A comme aventurière, B comme boulangère, C comme coureure automobile, D comme dompteuse de puces, E comme espionne… À chaque lettre correspond un métier. Et une femme, au parcours rédigé par Marilyn Degrenne, et à l’univers illustré par Florette Benoit dans un ouvrage édité par l’association rennaise La balade des livres.

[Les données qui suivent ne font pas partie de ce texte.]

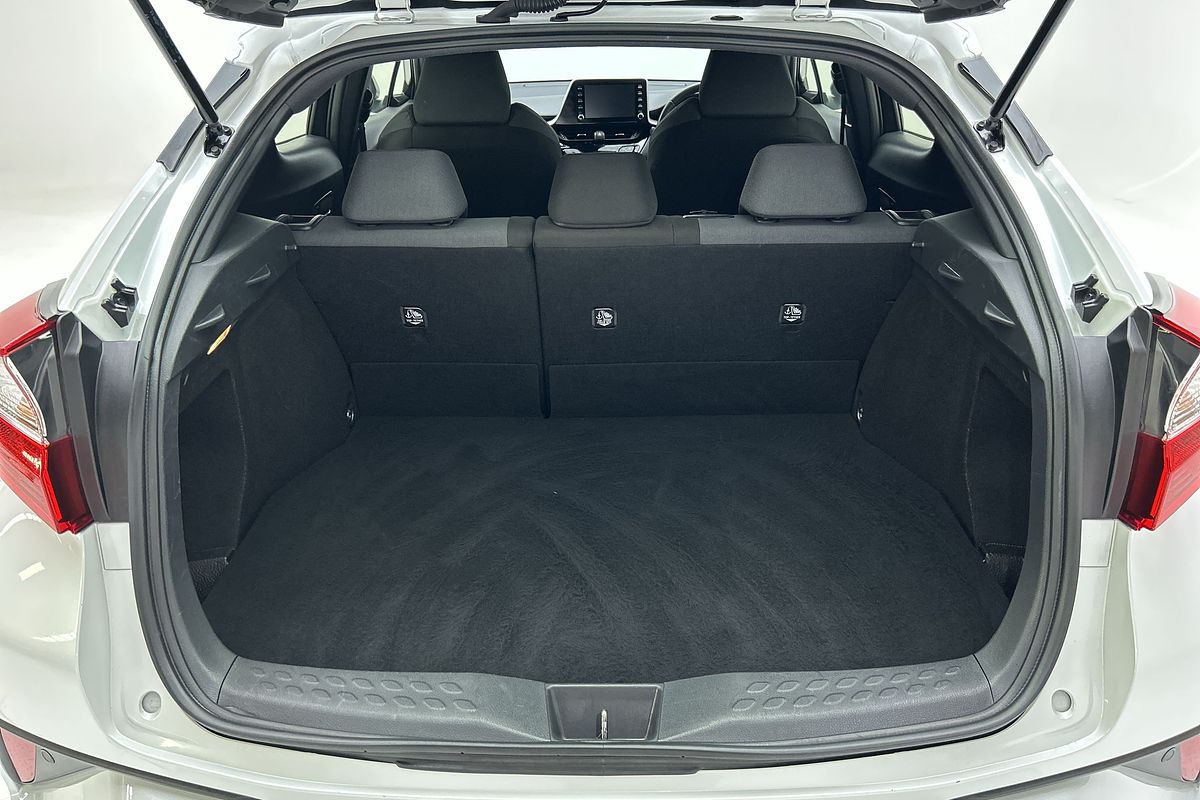 2021 Toyota C-HR GXL NGX10R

On y découvre la kényane Wangari Muta Maathai, biologiste, professeure d’anatomie en médecine vétérinaire et militante pour l’écologie, de l’américaine Maria Beasley, inventrice et femme d’affaires du XIXe siècle, de la marocaine Fatima Al Ifriki, journaliste et productrice TV, menacée de mort, de la russe Vera Ignatievna Giedroyc, princesse devenue la première chirurgienne de son pays, ou encore de la turque Sabiha Gökçen, première femme à devenir pilote de chasse.

« Lorsque l’on cherche des infos en bibliothèque sur des personnages illustres, il y a plus de références masculines. Comme dans les livres d’histoire ou de français. Et quand il y a des femmes citées, on retombe toujours sur les mêmes. »
explique Marilyn.

Les deux femmes se sont lancées à la recherche de toute une galerie de femmes audacieuses, combattives et militantes des libertés individuelles. Des héroïnes internationales, représentatives de la diversité, dont les noms n’ont pas été retenus, l’Histoire étant écrite majoritairement par les hommes.

« Les portraits sont denses, riches et constituent des abreuvoirs de connaissance. L’idée de cet album (à partir de 8 ans, ndlr) est que les gens se l’approprient. Et ils accrochent très vite au principe, comme s’il y avait besoin de ça, de la découverte de ses références féminines, pour prendre son élan, pour justifier sa propre audace. », souligne Florette.

Une manière d’aborder la place des femmes à travers les pays et les époques ainsi que l’évolution des droits, dont les acquis sont constamment menacés. « L’Histoire peut se répéter très vite, il faut être vigilant-e-s. Il est donc important de parler des luttes et des droits fondamentaux. Le livre permet de libérer des choses. », précise Marilyn.

L’ABC…Z des héroïnes constitue un support de réflexion pour tou-te-s, servant d’outil pour les établissements scolaires et les bibliothèques mais aussi au sein d’ateliers enfants et adultes menés par La balade des livres. Ces derniers donneront lieu à une exposition composée de nouveaux portraits de femmes, à découvrir dès du 7 au 31 mars à la Bibliothèque Cleunay. Le vernissage a lieu le 8 mars à 18h.